ひみつのしつもん

実家最終日。明日には帰らなければいけない。
最後の晩餐はソルロンタンだった。韓国旅行に行ってから母が自己流で作るソルロンタンは、寝起きの頭で食べた本場の味に勝る。

それはそうと、わたしは吉高由里子(敬省略)が好きなので『光る君へ』をどうしても見たかった。
けれども問題がいくつかあって、ようやく一人暮らしの家にテレビを導入した(M-1のために)のはいいものの録画機器どころかテレビ台もない。というわけで日曜日の20時からバイトのわたしは大河ドラマを見ることができない。そういえば、前に母がNHKプラスに加入していると言っていた。

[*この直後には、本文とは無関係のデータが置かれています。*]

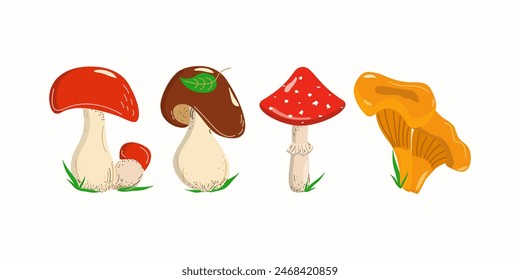 Set of edible and poisonous mushrooms. Chanterelles, porcini mushrooms, fly agarics. Doodle drawings. Types of forest mushrooms. Organic food. Edible mushroom.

案の定、母はIDすら忘れていた。めんどくさいと言いながらメールアドレスを打ち込み、母が一言。
「ひみつのしつもんって何?」
こっちが聞きたい。子どもの頃になりたかった職業にしたらしい。普通、そういうのって飼っていた犬の名前とか初めての海外旅行とかじゃないのか。
「社長とかにした気がする」
そう言ったものの社長ではなかったらしい。CEOも看護師も医師も医者も代表取締役も違った。
わたしは、どうせ母のことだからCEOをceoにしたとか綴りを間違えたとかだろうなと思っていた。案の定、
思い出せずそれでもなんとかログインはできたらしい。
わたしは無事に、NHKプラスにログインし大河ドラマを見ることができるようになった。
待ってろ吉高由里子様。

結局、母のメモにはcoと書かれていた。coってなんだ。

帰りたくない。膝の上に犬が乗っている。重い。
体重が3kg増えたのはわたしの方。